• Exercise aim: Could you restate word for word every line from the one containing "シューズ Adidas F50" to the end of the data below, pictures excluded?

• Record excerpts:
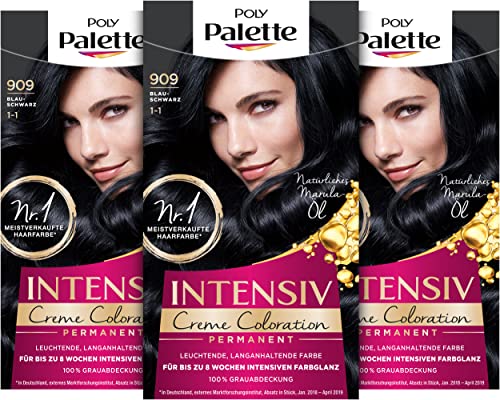 Palette Intensiv Crema Coloration 909/1-1 Azul Negro 3 Pack (3 x 115 ml)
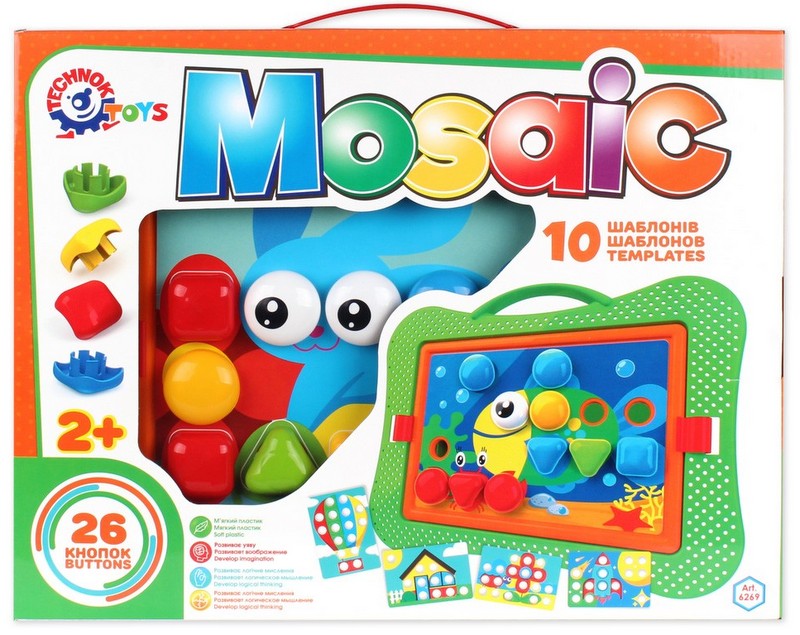 Мозайка С 10 Шаблона И 28 Елемента За Най Малките Размер На Кутията39Х30Х5 --- BebeMama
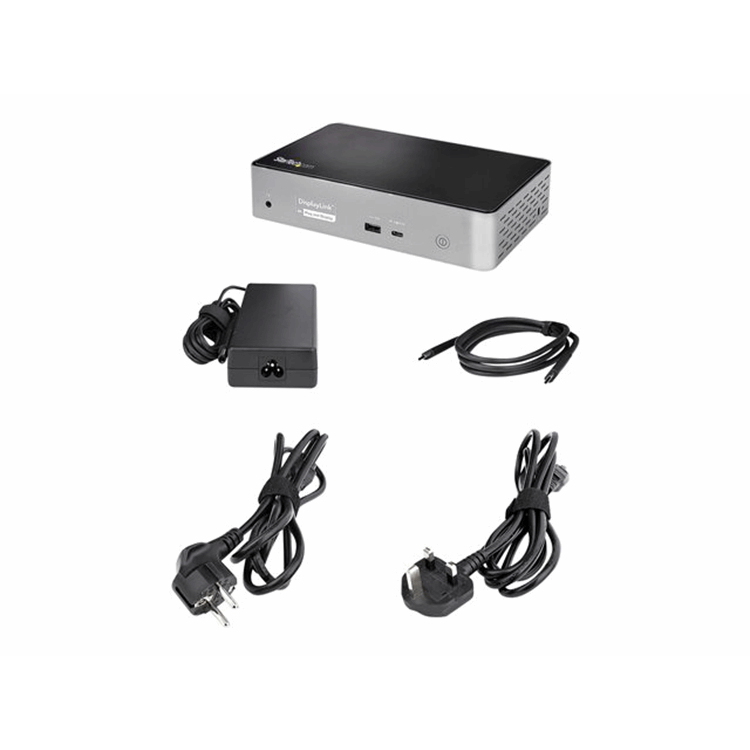 USB-C Dock - 4K Quad Monitor - 100W PD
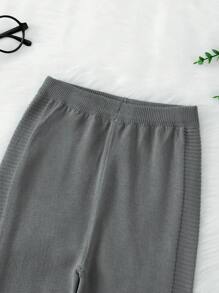 SHEIN Boys' (toddler) Solid Color Sweater Pants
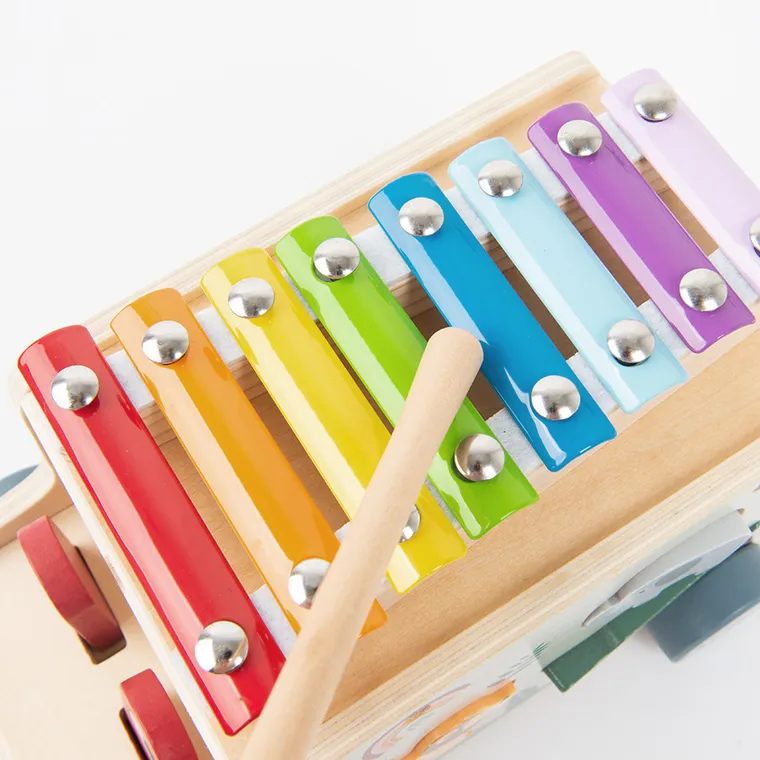 Smiki, Zookabee, Camion, xilofon si piese de potrivit, jucarie din lemn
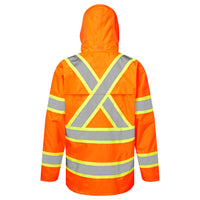 Portwest CA400 Hi-Vis X Back Contrast Tape Rain Jacket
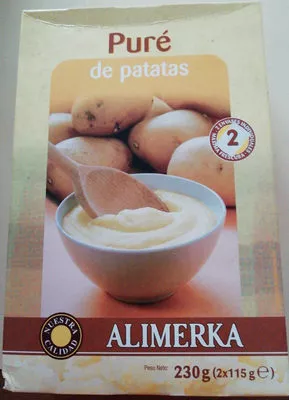 Puré de patatas Alimerka 230 g, code 8430807010087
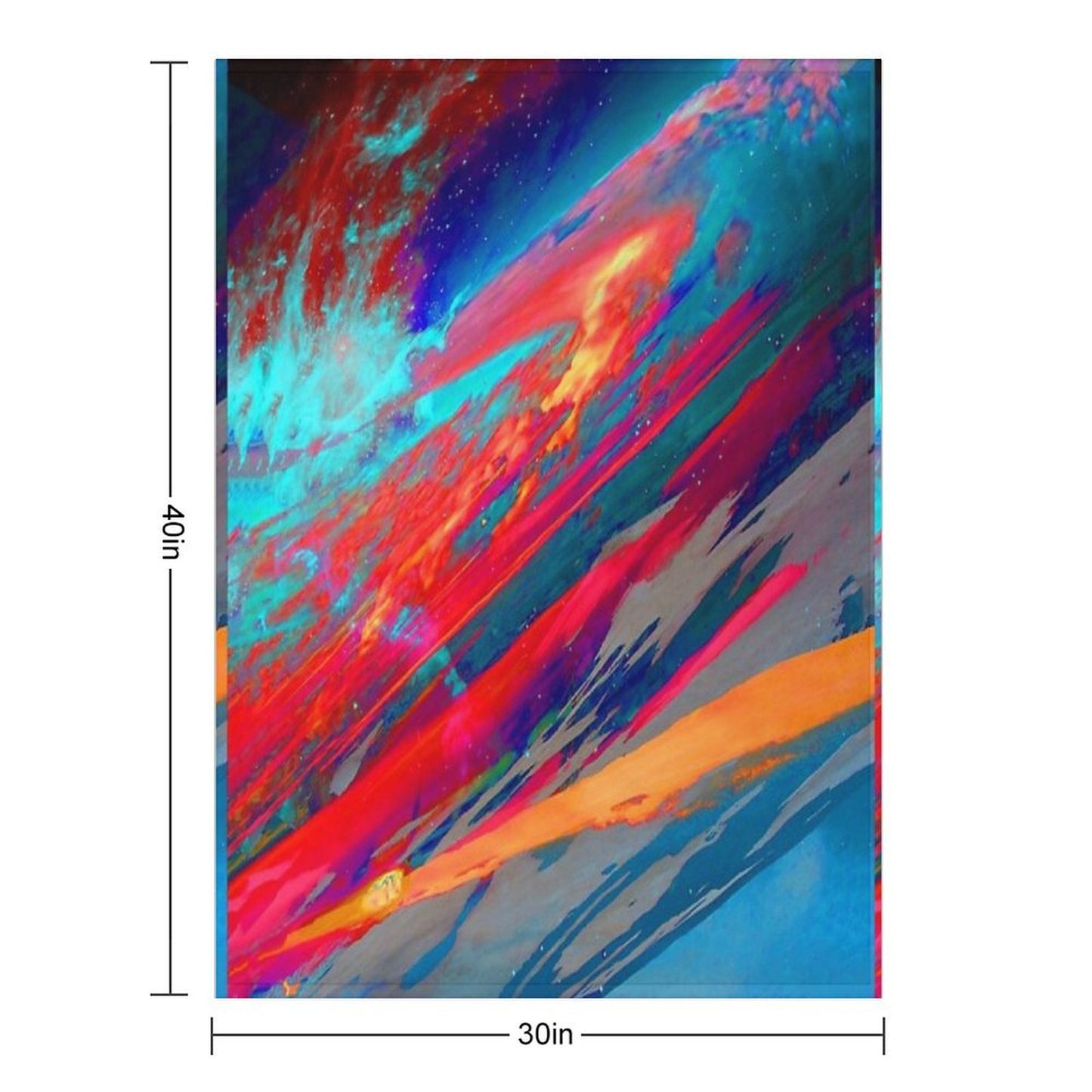 Nebula Throw Blanket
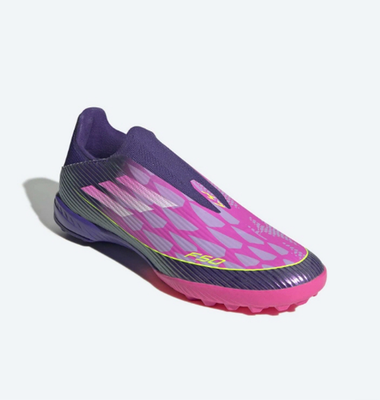 シューズ Adidas F50 TF Laceless 27.5 Adidas F50 League Laceless TF x Lamine Yamal Mens Turf Soccer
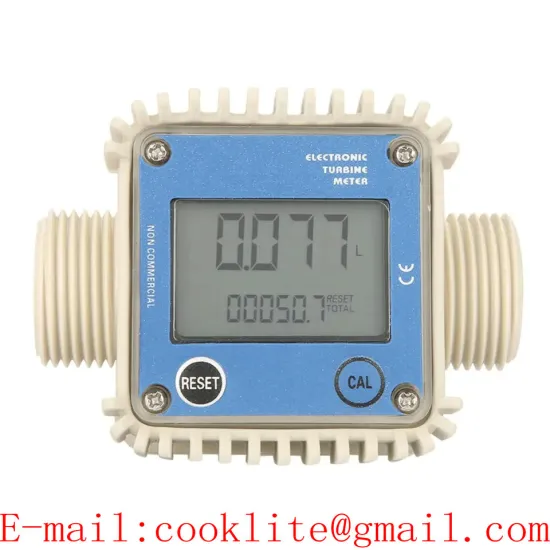 Electronic Flow Meter K24 Digital Fuel Meter Turbine Flowmeter Diesel Gasoline Counter Chemical Liquid Flow Meter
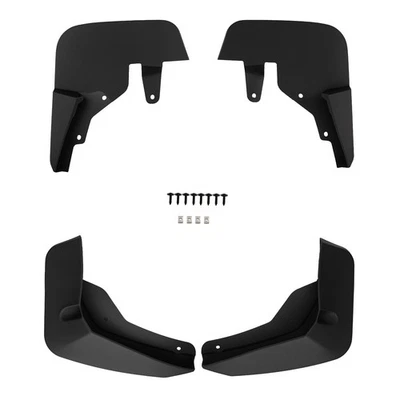 Juego de 4 protectores contra salpicaduras negros para Chevrolet Tahoe Suburban GMC Yukon XL 2021-2023 Foto 1 de 4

• Solution below:
 シューズ Adidas F50 TF Laceless 27.5 Adidas F50 League Laceless TF x Lamine Yamal Mens Turf Soccer
 Electronic Flow Meter K24 Digital Fuel Meter Turbine Flowmeter Diesel Gasoline Counter Chemical Liquid Flow Meter
 Juego de 4 protectores contra salpicaduras negros para Chevrolet Tahoe Suburban GMC Yukon XL 2021-2023 Foto 1 de 4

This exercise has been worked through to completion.